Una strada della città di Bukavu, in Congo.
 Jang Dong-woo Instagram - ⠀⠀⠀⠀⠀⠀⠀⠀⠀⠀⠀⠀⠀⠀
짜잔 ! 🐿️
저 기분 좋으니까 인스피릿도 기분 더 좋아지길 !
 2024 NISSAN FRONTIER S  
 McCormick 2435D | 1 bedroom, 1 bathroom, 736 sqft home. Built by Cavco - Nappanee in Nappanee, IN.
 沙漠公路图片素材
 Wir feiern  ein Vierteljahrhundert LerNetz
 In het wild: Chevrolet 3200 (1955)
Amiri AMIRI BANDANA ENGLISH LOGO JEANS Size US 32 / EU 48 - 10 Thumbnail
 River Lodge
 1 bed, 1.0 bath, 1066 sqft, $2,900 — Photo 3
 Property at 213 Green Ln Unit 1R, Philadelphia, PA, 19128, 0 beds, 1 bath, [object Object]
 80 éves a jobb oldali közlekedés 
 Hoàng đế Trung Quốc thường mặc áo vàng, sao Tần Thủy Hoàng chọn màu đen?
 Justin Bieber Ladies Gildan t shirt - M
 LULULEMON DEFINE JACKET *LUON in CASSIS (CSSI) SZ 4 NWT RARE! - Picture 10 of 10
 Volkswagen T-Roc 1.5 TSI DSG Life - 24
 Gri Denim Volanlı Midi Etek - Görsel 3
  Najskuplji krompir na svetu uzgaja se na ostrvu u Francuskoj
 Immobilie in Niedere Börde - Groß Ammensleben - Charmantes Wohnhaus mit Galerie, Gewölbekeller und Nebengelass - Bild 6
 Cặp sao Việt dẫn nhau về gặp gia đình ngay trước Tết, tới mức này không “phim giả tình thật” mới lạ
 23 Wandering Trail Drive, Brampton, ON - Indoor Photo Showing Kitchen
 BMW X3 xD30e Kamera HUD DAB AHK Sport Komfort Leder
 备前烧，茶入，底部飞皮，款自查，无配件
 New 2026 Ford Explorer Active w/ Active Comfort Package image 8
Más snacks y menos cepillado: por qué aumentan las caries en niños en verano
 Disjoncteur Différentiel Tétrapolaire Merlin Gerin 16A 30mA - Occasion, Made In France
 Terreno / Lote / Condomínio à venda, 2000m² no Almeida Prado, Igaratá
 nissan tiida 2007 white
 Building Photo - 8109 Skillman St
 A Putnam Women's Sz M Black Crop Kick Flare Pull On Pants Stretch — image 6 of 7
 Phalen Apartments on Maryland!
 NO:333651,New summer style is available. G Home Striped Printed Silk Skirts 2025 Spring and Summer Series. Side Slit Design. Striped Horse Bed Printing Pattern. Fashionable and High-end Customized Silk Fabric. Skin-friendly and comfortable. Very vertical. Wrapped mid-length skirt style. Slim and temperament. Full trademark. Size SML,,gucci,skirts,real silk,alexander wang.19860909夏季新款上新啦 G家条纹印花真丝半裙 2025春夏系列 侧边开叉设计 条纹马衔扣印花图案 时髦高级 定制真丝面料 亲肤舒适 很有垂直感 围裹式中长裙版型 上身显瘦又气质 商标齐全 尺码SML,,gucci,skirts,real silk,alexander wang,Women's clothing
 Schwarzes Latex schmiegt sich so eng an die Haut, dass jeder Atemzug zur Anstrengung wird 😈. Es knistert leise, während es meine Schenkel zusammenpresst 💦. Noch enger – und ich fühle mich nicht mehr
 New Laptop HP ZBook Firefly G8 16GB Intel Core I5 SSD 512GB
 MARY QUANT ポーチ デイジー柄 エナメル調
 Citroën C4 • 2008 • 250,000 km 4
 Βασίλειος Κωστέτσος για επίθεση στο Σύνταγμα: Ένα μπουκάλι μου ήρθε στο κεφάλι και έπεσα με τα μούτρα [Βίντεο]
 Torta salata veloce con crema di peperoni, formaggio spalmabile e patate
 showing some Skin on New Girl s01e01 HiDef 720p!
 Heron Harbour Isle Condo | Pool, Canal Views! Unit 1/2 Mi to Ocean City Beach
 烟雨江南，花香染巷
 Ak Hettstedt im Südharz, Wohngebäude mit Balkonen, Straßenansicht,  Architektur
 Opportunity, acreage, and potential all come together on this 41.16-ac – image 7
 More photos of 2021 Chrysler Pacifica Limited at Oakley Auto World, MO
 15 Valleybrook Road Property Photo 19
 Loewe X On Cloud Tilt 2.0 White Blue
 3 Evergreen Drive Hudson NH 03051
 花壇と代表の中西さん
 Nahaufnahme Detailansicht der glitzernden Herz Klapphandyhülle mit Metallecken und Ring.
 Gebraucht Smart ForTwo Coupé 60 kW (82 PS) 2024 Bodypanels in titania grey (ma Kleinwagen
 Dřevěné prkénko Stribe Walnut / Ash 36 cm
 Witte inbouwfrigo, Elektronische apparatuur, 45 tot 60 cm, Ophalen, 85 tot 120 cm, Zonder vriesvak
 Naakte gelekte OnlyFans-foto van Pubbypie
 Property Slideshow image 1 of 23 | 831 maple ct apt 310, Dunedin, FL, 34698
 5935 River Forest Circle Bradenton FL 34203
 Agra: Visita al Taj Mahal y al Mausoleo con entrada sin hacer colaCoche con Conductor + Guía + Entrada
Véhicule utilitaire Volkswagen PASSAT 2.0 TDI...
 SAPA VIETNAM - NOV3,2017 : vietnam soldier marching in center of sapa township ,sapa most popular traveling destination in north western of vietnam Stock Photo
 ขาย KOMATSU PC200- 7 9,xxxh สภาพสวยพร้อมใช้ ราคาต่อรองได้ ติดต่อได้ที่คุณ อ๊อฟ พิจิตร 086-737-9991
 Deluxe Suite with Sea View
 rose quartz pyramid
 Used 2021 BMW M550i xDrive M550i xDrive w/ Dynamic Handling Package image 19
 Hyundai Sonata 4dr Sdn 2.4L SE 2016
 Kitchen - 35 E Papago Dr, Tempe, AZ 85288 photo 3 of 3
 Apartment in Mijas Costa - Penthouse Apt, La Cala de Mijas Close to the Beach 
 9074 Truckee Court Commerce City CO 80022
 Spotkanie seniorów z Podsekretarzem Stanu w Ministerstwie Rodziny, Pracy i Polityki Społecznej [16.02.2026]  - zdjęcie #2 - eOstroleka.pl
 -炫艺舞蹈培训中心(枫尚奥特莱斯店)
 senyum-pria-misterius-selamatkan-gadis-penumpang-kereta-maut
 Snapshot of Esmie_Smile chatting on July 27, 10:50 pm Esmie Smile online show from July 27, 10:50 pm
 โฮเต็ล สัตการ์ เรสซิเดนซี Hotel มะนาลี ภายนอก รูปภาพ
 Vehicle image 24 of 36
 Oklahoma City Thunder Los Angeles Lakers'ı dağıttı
- - -
§ **Work request**
Would you filter the records and copy each line that contains the word "Package"?

§ **Written answer**
 New 2026 Ford Explorer Active w/ Active Comfort Package image 8
 Used 2021 BMW M550i xDrive M550i xDrive w/ Dynamic Handling Package image 19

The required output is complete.